Vinos de La Mancha: testimonio, vida y recuerdos es el tercero de los documentales elaborado por el Consejo Regulador que recuerda el pasado siglo XX en el sector en la primera persona de algunos sus protagonistas.

Lo hace desde una visión cercana recogiendo el testimonio de viticultores, hombres y mujeres que vivieron el recorrido y la difícil trayectoria de la pasada centuria.

Un documental cuyo hilo conductor es el propio relato de los protagonistas, apoyándose en la vida y recuerdos de los entrevistados.


 

Es la vida en carne propia contada por agricultores como Federico Iniesta y su mujer, Maruja Añover, de Quintanar de la Orden (Toledo); la vida de José Guillén, de Pedro Muñoz (Ciudad Real), cuya pasión por el mundo de los tractores le ha llevado a rescatar de la chatarra verdaderas joyas de la primera maquinaria agrícola; el encantador matrimonio de Villarrobledo (Albacete), formado por Ángel Arenas e Isabel Martínez, con innumerables anécdotas a sus espaldas o los hermanos Román (Víctor y Julián), una entrañable pareja de hermanos tomelloseros que desde la tierna infancia han vivido, convivido y compartido sudor y esfuerzo en el campo.

Recuerdos paternales

La figura de su padre unida a trabajo y tesón en el campo es el referente más cercano que presentan estos octogenarios agricultores que, en lucharon, como ejemplo de supervivencia por salir adelante en un contexto complicado de pobreza y necesidad, como fue la España interior al final de la Guerra Civil.

La vendimia

Es otro de las estampas a las que acude el documental Vinos de La Mancha: testimonio, vida y recuerdos.
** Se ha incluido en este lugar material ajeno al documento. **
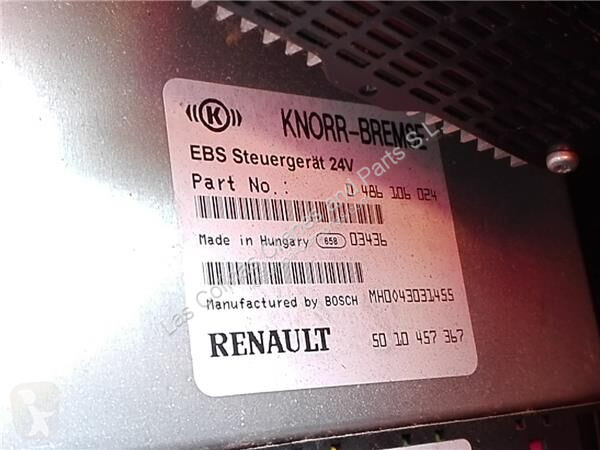 قطع غيار الآليات الثقيلة Renault Unité de...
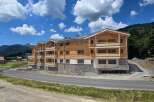 Discover the charm of this stunning wooden-clad property, offering a blend of modern design and natural beauty.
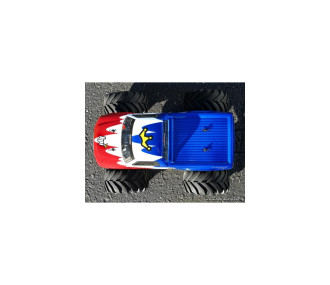KAROSSERIE GT-1 TRANSP. WHEELY 2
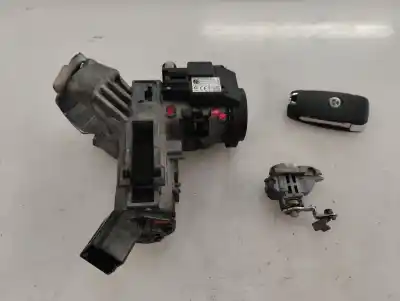 Peça sobressalente para automóvel em segunda mão Comutador De Ignição por MAZDA 2 LIM. (DE) 1.4 Diesel CAT Referências OEM IAM   2009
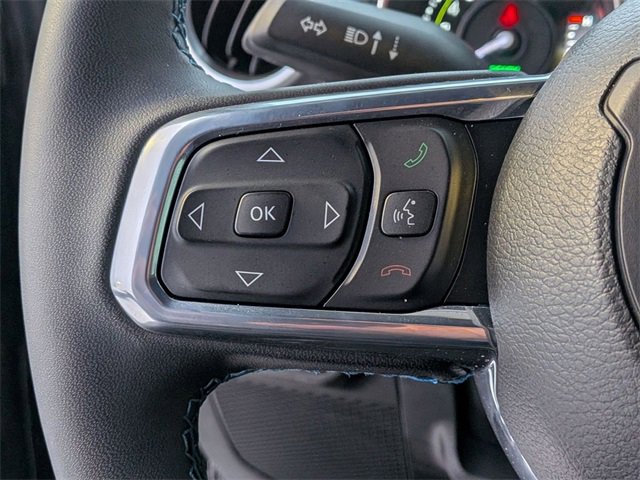 Used 2023 Jeep Wrangler Unlimited Rubicon 4xe w/ Cold Weather Group image 18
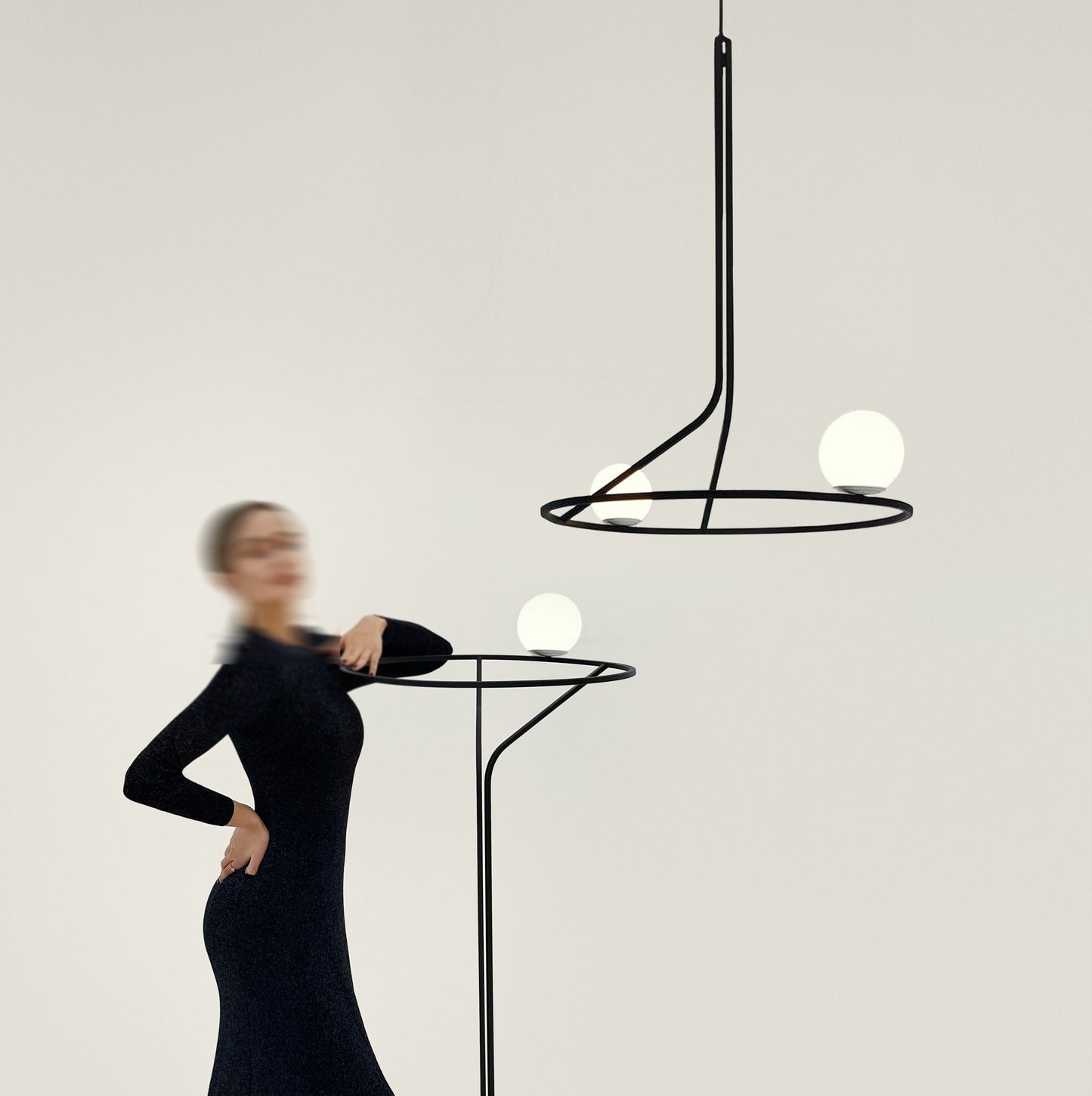 Na Lini Chandelier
Se recuerdan aquellas campañas con largas jornadas en la viña con las mulas, como tracción animal, convertidas en inseparables compañeras de fatiga, que la transformación tecnológica relegó al olvido.

F. Iniesta con un viejo tractor

El documental se cierra con el legado y la vocación del nieto pequeño de Federico Iniesta, que “dice en el colegio que quiere ser agricultor. Para mí y para su abuelo, sería un orgullo porque mi hijo está bien montado y no le faltaría para comer”, sentencia con sencillez y aplomo, Maruja Añover, su abuela.